This sample shows a minimal conversion from our vector addition CPU code to C for CUDA, consider this a CUDA C ‘Hello World’. If you are not yet familiar with basic CUDA concepts please see the Accelerated Computing Guide. The full source can be viewed or downloaded from the OLCF GitHub. Please direct any questions or comments to help@nccs.gov

vecAdd.cu

#include <stdio.h>
#include <stdlib.h>
#include <math.h>

// CUDA kernel. Each thread takes care of one element of c
__global__ void vecAdd(double *a, double *b, double *c, int n)
{
    // Get our global thread ID
    int id = blockIdx.x*blockDim.x+threadIdx.x;

    // Make sure we do not go out of bounds
    if (id < n)
        c[id] = a[id] + b[id];
}

int main( int argc, char* argv[] )
{
    // Size of vectors
    int n = 100000;

    // Host input vectors
    double *h_a;
    double *h_b;
    //Host output vector
    double *h_c;

    // Device input vectors
    double *d_a;
    double *d_b;
    //Device output vector
    double *d_c;

    // Size, in bytes, of each vector
    size_t bytes = n*sizeof(double);

    // Allocate memory for each vector on host
    h_a = (double*)malloc(bytes);
    h_b = (double*)malloc(bytes);
    h_c = (double*)malloc(bytes);

    // Allocate memory for each vector on GPU
    cudaMalloc(&d_a, bytes);
    cudaMalloc(&d_b, bytes);
    cudaMalloc(&d_c, bytes);

    int i;
    // Initialize vectors on host
    for( i = 0; i < n; i++ ) {
        h_a[i] = sin(i)*sin(i);
        h_b[i] = cos(i)*cos(i);
    }

    // Copy host vectors to device
    cudaMemcpy( d_a, h_a, bytes, cudaMemcpyHostToDevice);
    cudaMemcpy( d_b, h_b, bytes, cudaMemcpyHostToDevice);

    int blockSize, gridSize;

    // Number of threads in each thread block
    blockSize = 1024;

    // Number of thread blocks in grid
    gridSize = (int)ceil((float)n/blockSize);

    // Execute the kernel
    vecAdd<<<gridSize, blockSize>>>(d_a, d_b, d_c, n);

    // Copy array back to host
    cudaMemcpy( h_c, d_c, bytes, cudaMemcpyDeviceToHost );

    // Sum up vector c and print result divided by n, this should equal 1 within error
    double sum = 0;
    for(i=0; i<n; i++)
        sum += h_c[i];
    printf("final result: %f\n", sum/n);

    // Release device memory
    cudaFree(d_a);
    cudaFree(d_b);
    cudaFree(d_c);

    // Release host memory
    free(h_a);
    free(h_b);
    free(h_c);

    return 0;
}

Changes

Kernel:
The kernel is the heart of our CUDA code. When a kernel is launched the number of threads per block(blockDim) and number of blocks per grid(gridDim) are specified. The total number of threads is (blockDim) * (gridDim). Each thread evaluates one copy of the kernel.

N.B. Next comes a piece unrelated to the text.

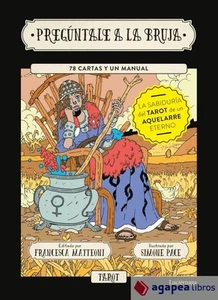 Pregúntale a la bruja. NUEVO. ENVÍO URGENTE (Librería Agapea) - Imagen 1 de 1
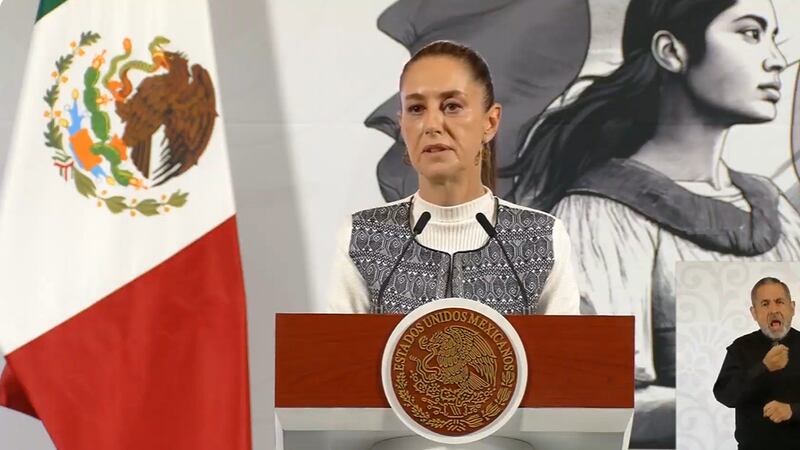 “No minimizamos a las víctimas”: Sheinbaum pide esperar información oficial sobre el rancho Izaguirre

// CUDA kernel. Each thread takes care of one element of c
__global__ void vecAdd(double *a, double *b, double *c, int n)
{
    // Get our global thread ID
    int id = blockIdx.x*blockDim.x+threadIdx.x;

    // Make sure we do not go out of bounds
    if (id < n)
        c[id] = a[id] + b[id];
}

Let’s take a look at what makes up this simple kernel.

__global__ void vecAdd(double *a, double *b, double *c, int n)

The __global__ decorator specifies this is a CUDA kernel, otherwise normal C function syntax is used. The kernel must have return type void.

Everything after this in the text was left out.